# [MATERIAL PROVIDED]
_ _ _ _
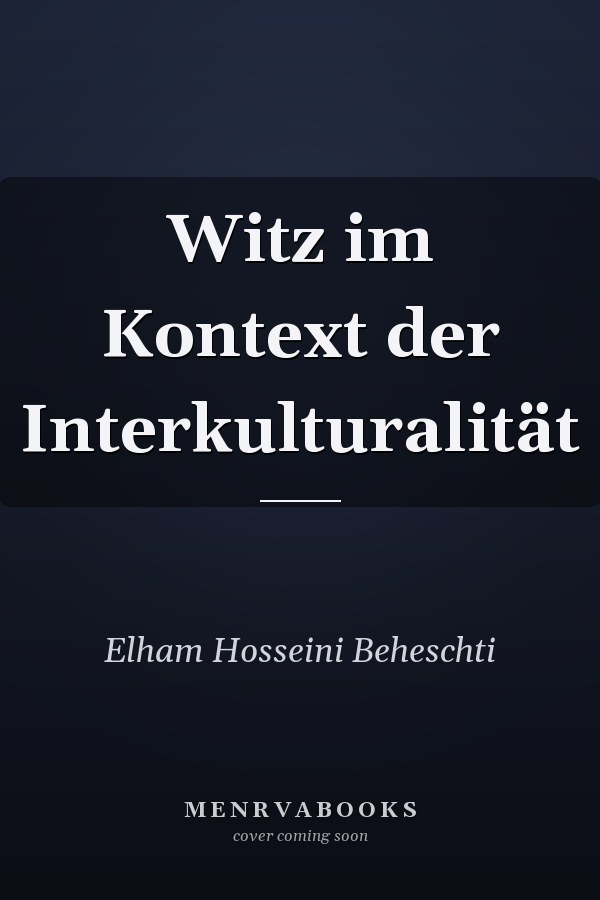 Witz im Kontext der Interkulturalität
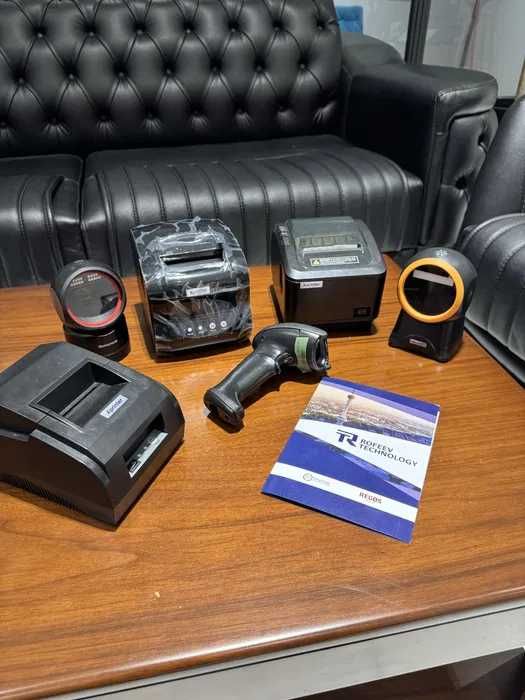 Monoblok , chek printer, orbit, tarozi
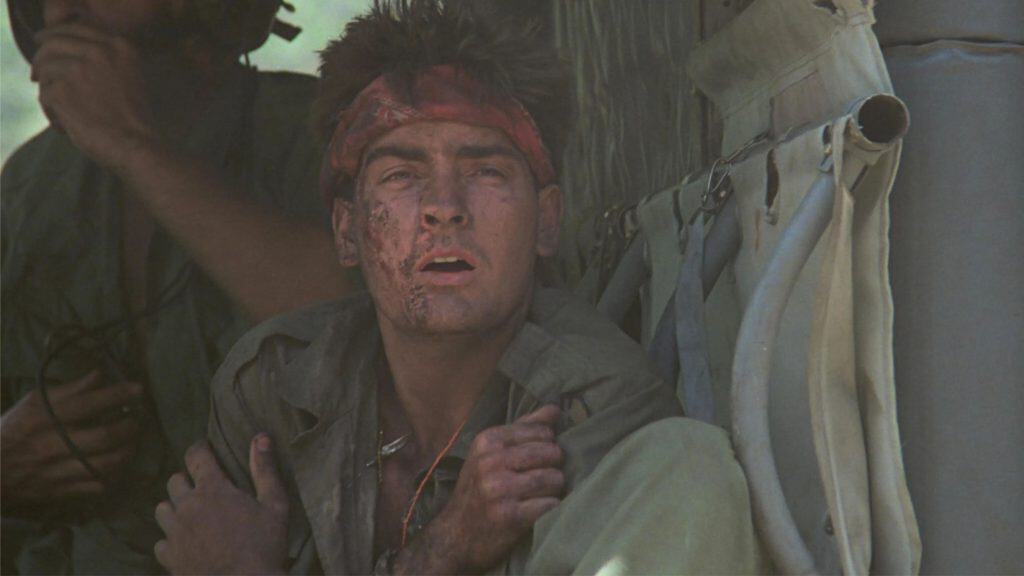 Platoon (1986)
_ _ _ _
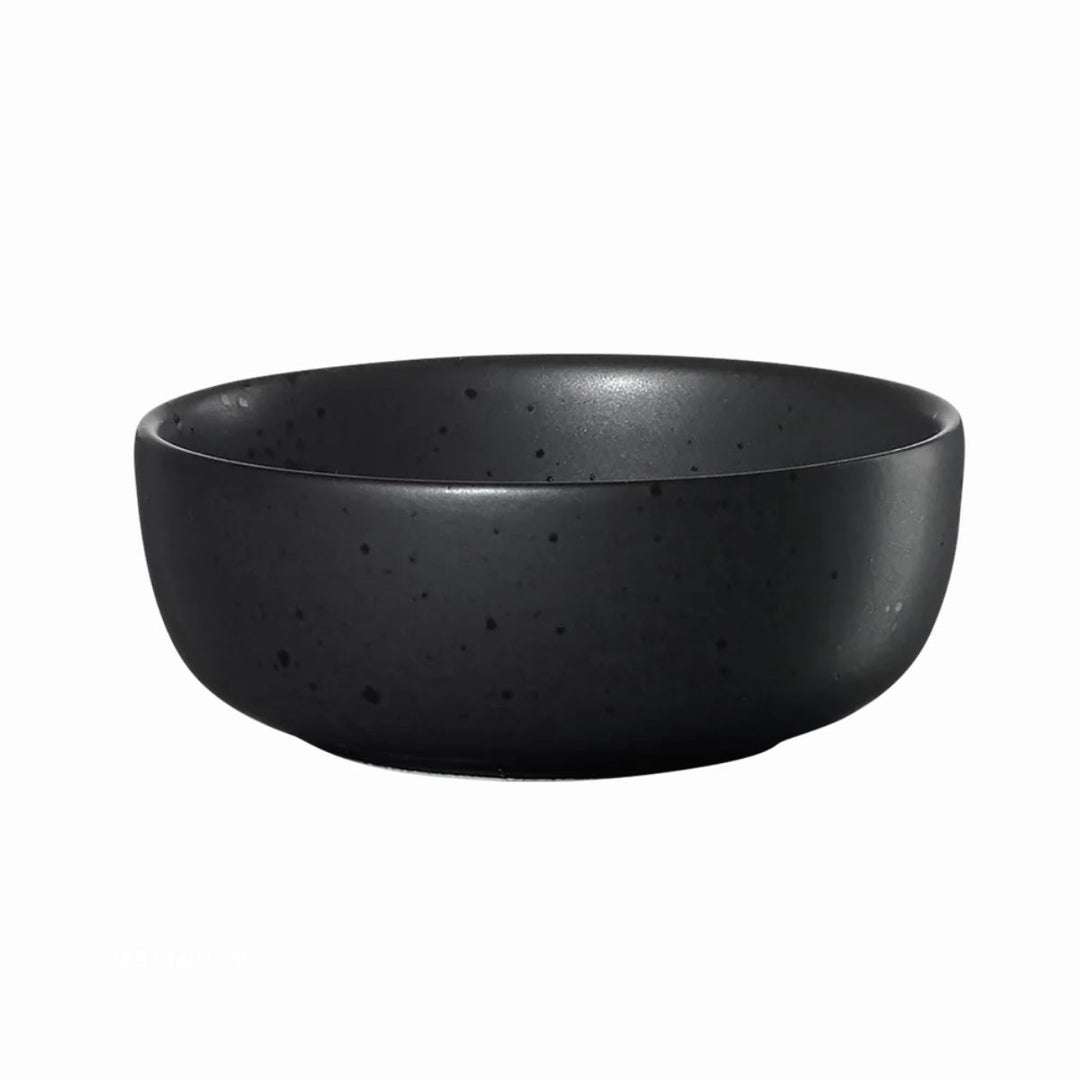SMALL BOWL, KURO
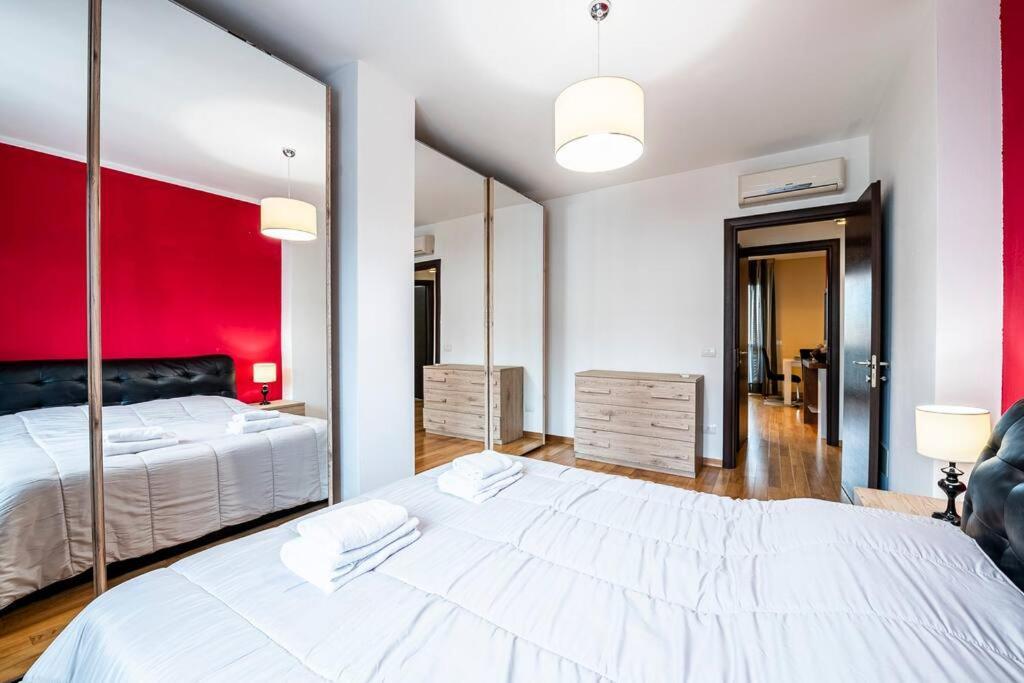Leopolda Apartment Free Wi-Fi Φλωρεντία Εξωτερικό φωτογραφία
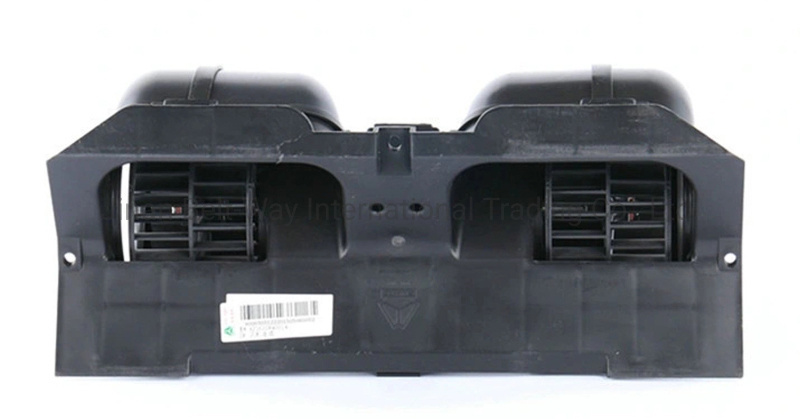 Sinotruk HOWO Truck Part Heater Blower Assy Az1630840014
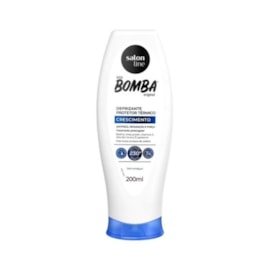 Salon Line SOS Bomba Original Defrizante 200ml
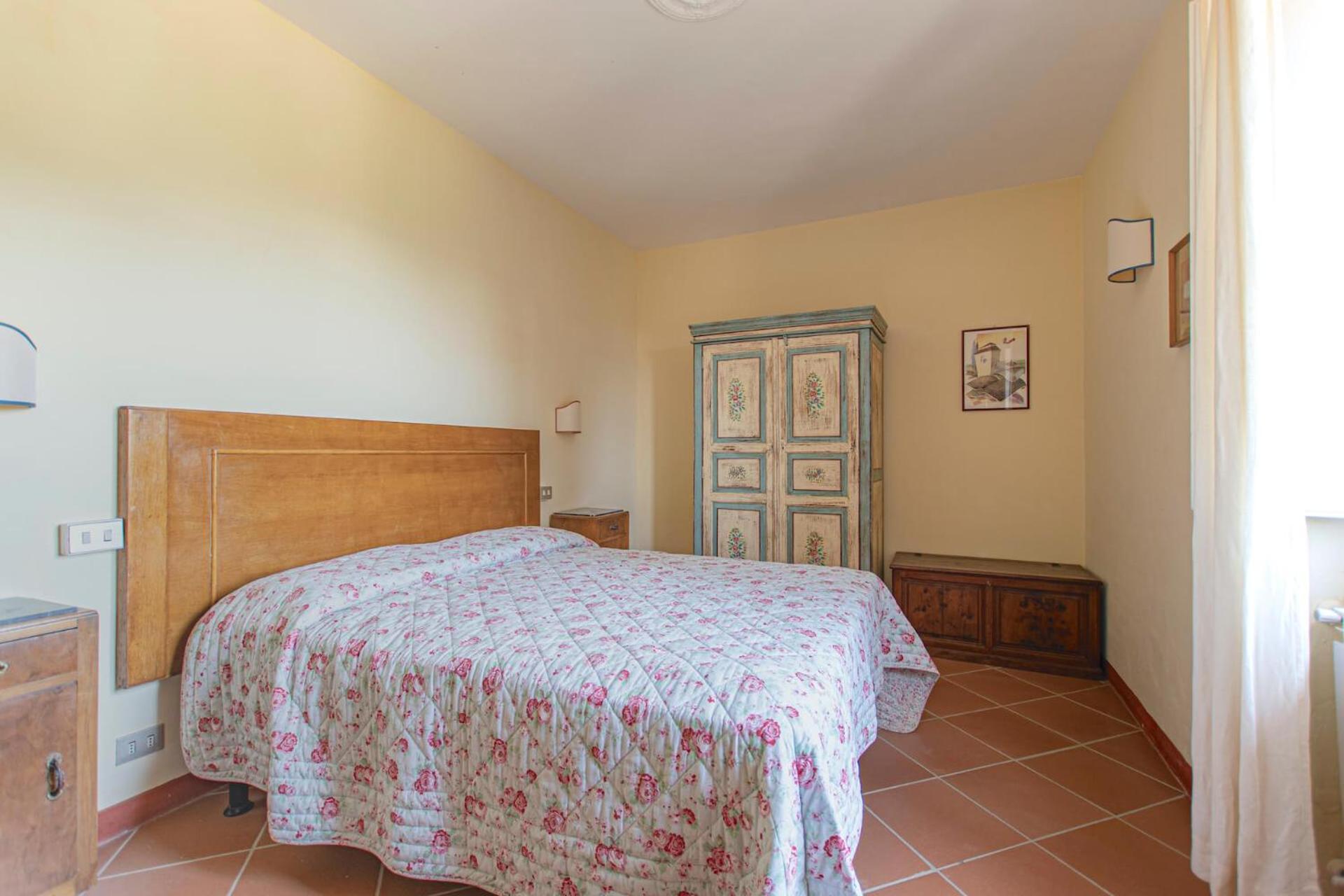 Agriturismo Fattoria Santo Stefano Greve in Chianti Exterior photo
_ _ _ _
# [WORK TO BE COMPLETED]
The data above holds the lines to copy: start at the one with "Witz im Kontext der Interkulturalität", stop at the one with "Platoon (1986)", include both, copy them exactly without pictures, and copy nothing else.

# [RESULT OF THE EXERCISE]
 Witz im Kontext der Interkulturalität
 Monoblok , chek printer, orbit, tarozi
 Platoon (1986)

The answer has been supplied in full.